Within the records below is a range that opens at the line with "Golden pineapple coconut" and closes at the line with "Hanukkah Sufganiyah And". Return that range word for word, both ends included, and only that range.

[Data entries]
- - - -
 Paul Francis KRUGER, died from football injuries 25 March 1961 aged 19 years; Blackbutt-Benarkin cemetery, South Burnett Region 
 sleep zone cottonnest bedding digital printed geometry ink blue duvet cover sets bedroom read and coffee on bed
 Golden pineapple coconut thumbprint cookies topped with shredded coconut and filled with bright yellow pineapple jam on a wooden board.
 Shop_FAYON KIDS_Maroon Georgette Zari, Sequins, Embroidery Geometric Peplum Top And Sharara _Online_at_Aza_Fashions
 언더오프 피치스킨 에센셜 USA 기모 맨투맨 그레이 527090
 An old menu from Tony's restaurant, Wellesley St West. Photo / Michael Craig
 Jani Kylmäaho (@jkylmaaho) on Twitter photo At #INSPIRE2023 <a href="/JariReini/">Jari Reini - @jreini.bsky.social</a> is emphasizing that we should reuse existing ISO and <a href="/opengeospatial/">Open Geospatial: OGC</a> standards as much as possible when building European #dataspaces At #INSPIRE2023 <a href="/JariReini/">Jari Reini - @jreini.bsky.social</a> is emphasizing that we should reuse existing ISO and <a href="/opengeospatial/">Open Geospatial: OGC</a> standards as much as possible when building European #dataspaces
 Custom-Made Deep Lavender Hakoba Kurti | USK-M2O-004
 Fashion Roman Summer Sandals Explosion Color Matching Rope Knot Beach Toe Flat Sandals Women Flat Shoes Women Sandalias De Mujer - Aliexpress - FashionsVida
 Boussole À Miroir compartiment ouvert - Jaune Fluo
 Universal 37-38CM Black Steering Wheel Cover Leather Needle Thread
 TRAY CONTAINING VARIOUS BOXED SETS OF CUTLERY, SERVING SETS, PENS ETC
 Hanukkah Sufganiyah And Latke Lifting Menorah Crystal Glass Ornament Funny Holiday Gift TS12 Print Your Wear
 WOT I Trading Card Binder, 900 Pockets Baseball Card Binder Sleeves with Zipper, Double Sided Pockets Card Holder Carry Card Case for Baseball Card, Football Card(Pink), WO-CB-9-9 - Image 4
- - - -
Answer for the task.
 Golden pineapple coconut thumbprint cookies topped with shredded coconut and filled with bright yellow pineapple jam on a wooden board.
 Shop_FAYON KIDS_Maroon Georgette Zari, Sequins, Embroidery Geometric Peplum Top And Sharara _Online_at_Aza_Fashions
 언더오프 피치스킨 에센셜 USA 기모 맨투맨 그레이 527090
 An old menu from Tony's restaurant, Wellesley St West. Photo / Michael Craig
 Jani Kylmäaho (@jkylmaaho) on Twitter photo At #INSPIRE2023 <a href="/JariReini/">Jari Reini - @jreini.bsky.social</a> is emphasizing that we should reuse existing ISO and <a href="/opengeospatial/">Open Geospatial: OGC</a> standards as much as possible when building European #dataspaces At #INSPIRE2023 <a href="/JariReini/">Jari Reini - @jreini.bsky.social</a> is emphasizing that we should reuse existing ISO and <a href="/opengeospatial/">Open Geospatial: OGC</a> standards as much as possible when building European #dataspaces
 Custom-Made Deep Lavender Hakoba Kurti | USK-M2O-004
 Fashion Roman Summer Sandals Explosion Color Matching Rope Knot Beach Toe Flat Sandals Women Flat Shoes Women Sandalias De Mujer - Aliexpress - FashionsVida
 Boussole À Miroir compartiment ouvert - Jaune Fluo
 Universal 37-38CM Black Steering Wheel Cover Leather Needle Thread
 TRAY CONTAINING VARIOUS BOXED SETS OF CUTLERY, SERVING SETS, PENS ETC
 Hanukkah Sufganiyah And Latke Lifting Menorah Crystal Glass Ornament Funny Holiday Gift TS12 Print Your Wear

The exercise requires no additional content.